One of the benefits of having OCD is that I’m reliable. I make plans. I make plans to make plans. I write things down, revise, cross out, and rewrite, and that’s just to go to the damn grocery store. I have plans A, B, C and sometimes nearly to Z if I’m stressing over something. Also, I’m prepared for nearly anything. I have a rotating line-up of doomsday scenarios running through my head on a daily basis, and for every “what if?” there’s usually a plan. Because I can’t get past the “what if” unless there’s a plan.
I know, I said it was a benefit. I’m getting there. Over-explaining is another problem I have.

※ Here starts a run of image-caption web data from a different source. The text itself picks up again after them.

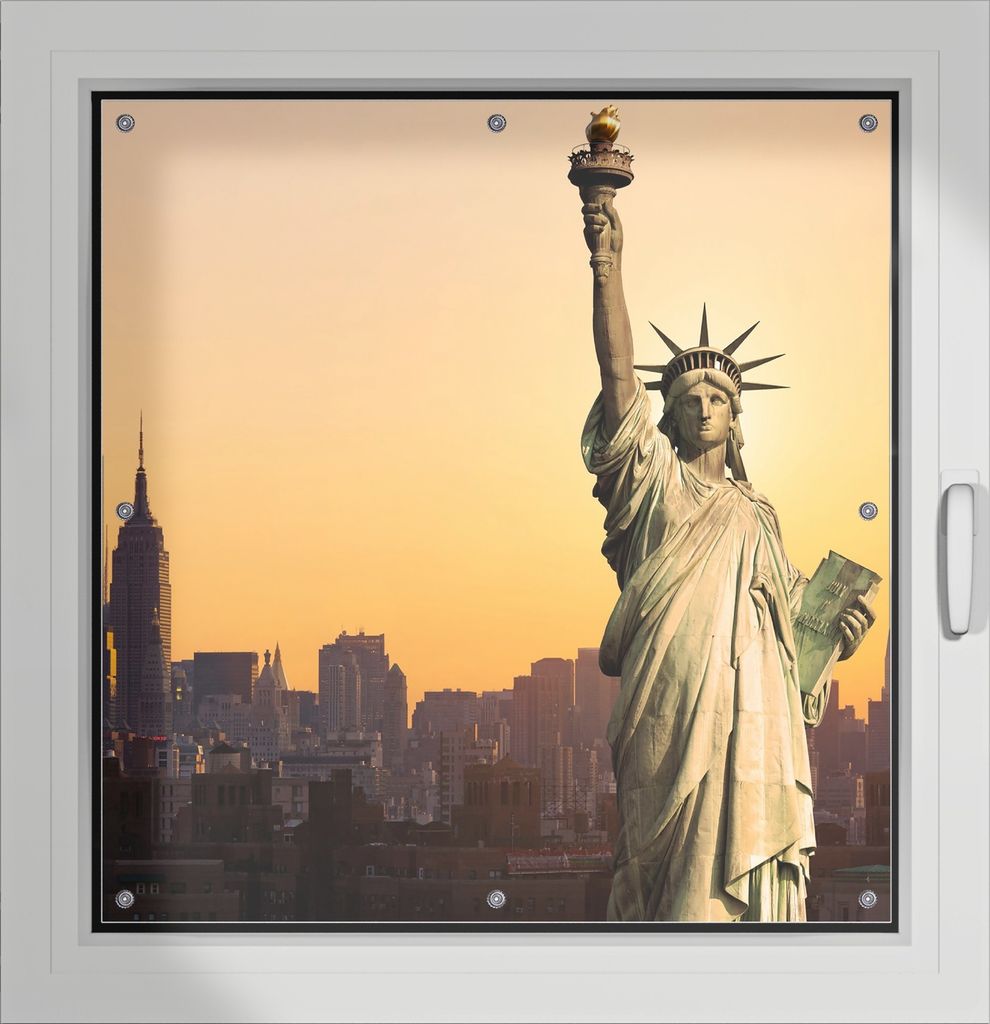 Wallario Lichtschutzbild, Dekorativer Sichtschutz Sonnenschutz 96 x 93 cm mit Motiv: Freiheitsstatue New York - Verdunklung ohne Bohren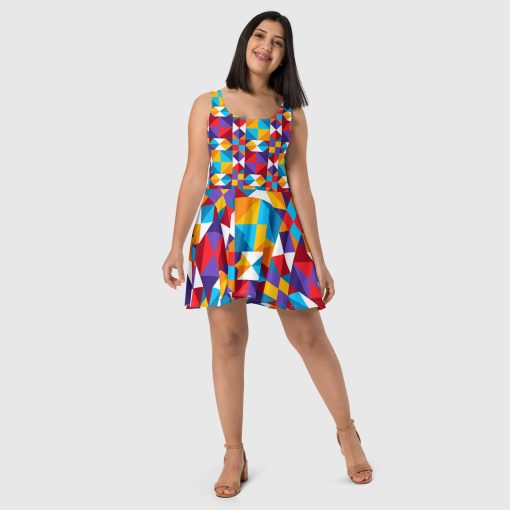 Colorful Geometric Women’s Skater Dress | 20240418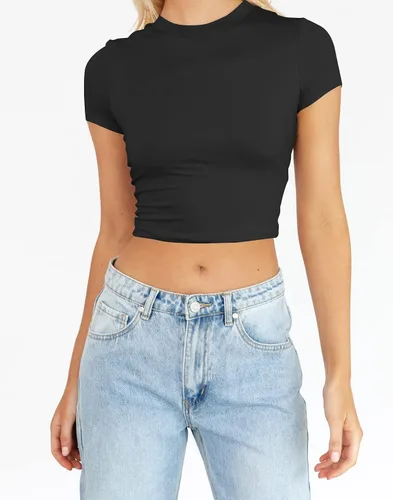 Miniatura 8 de TECREW Camisetas cortas de manga corta para mujer, estilo casual, básicas, cuello redondo, ajustadas, para verano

Sometimes I honestly feel vindicated when shit happens, like I know it’s coming and I’m just waiting. I should, too, because I’ve had some crazy luck. The number of car wrecks alone is pretty impressive (over a dozen; thankfully none lately – *knocking on wood*). If I count getting the change robbed out of my unlocked car recently as a “burglary,” I’ve had five of those now. Times my husband almost died because of his allergies: at least five. Once I was even attacked by a squirrel. Every time something shitty happens, it confirms my notion that the universe is out to get me. But don’t worry, I’m not really that paranoid. Just pessimistic, because I think the universe is out to get us all.
So that’s the good part.
No really, I’m great in a crisis. Two examples: once I was in a car wreck with my husband, and we both got knocked out. As I was swimming in and out of consciousness I stuffed the keys, his wallet, and the cell phone all into my purse (which is large, because it carries first-aid items and talismans in addition to the usual wallet, hand cream, chapstick, bug spray, sun screen, notepad, pen, and phone) and then I tied my purse to my arm before I passed out and got loaded into the ambulance. When he woke up thinking his wallet and everything was sitting in a junkyard and we were going to have to send someone over to try to find it, I told him I got it all. No worries! Because I worry for myself and everyone I know!

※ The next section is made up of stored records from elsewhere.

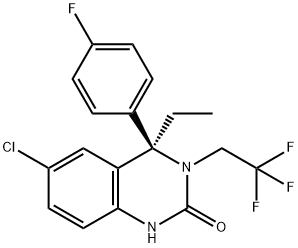 6-CHLORO-4-ETHYL-4-(4-FLUORO-PHENYL)-3-(2,2,2-TRIFLUORO-ETHYL)-3,4-DIHYDRO-1H-QUINAZOLIN-2-ONE Struktur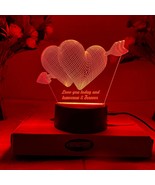 Valentine&#39;s day Gift Night Light , Heart shape 3D Illusion Night Lamp, R... - $28.99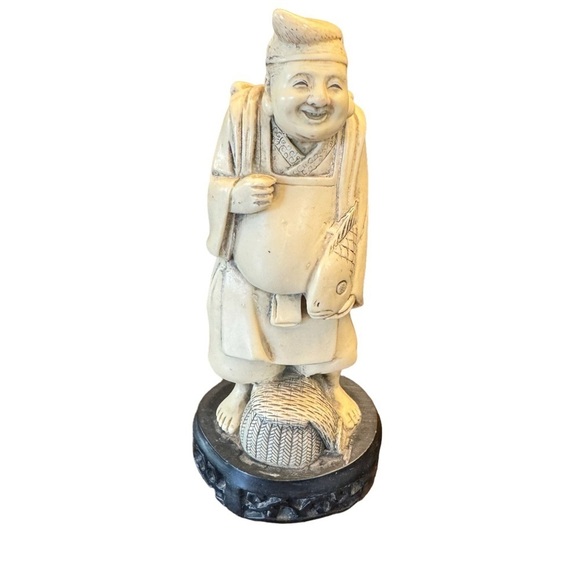 Great 19th Century Vintage Asian Fisherman Sculpture Figurine - Picture 2 of 14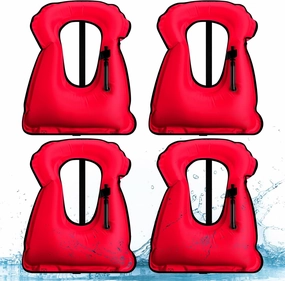 Jerify 4 Pcs Inflatable Snorkel Vest Adults, Portable Swim Vest Jackets, Adjustable Kayaking Jackets Safety Vests for Snorkeling Swimming Diving Surfing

The other example is the time he nearly died from a food allergy in D.C. After years of traveling alone for business, I decided to take him and our three-year-old daughter with me so they could explore the capital while I attended a conference. He even had tickets to the White House, and Obama was still president. On the morning of Day Two I woke up to choking noises, and he was writing me notes in crayon (red, wouldn’t you know) on the hotel notepad to “CALL 911.” Apparently he’d eaten something the night before and had a delayed reaction. When he woke up with his throat swelling, he tried to take an Allegra but things escalated quickly and he was about to lose his airway. I had to call 911 and get him downstairs. I had to wake our daughter up and put clothes on her (and me) and get wallets with IDs and insurance cards and snacks for later and I also got her handheld video game because I knew she’d be bored. While they loaded Dan up in the ambulance, I had five minutes before we were all transported, and I slung half that hotel room in my pockets and purse. The only thing I forgot was Dan’s coat.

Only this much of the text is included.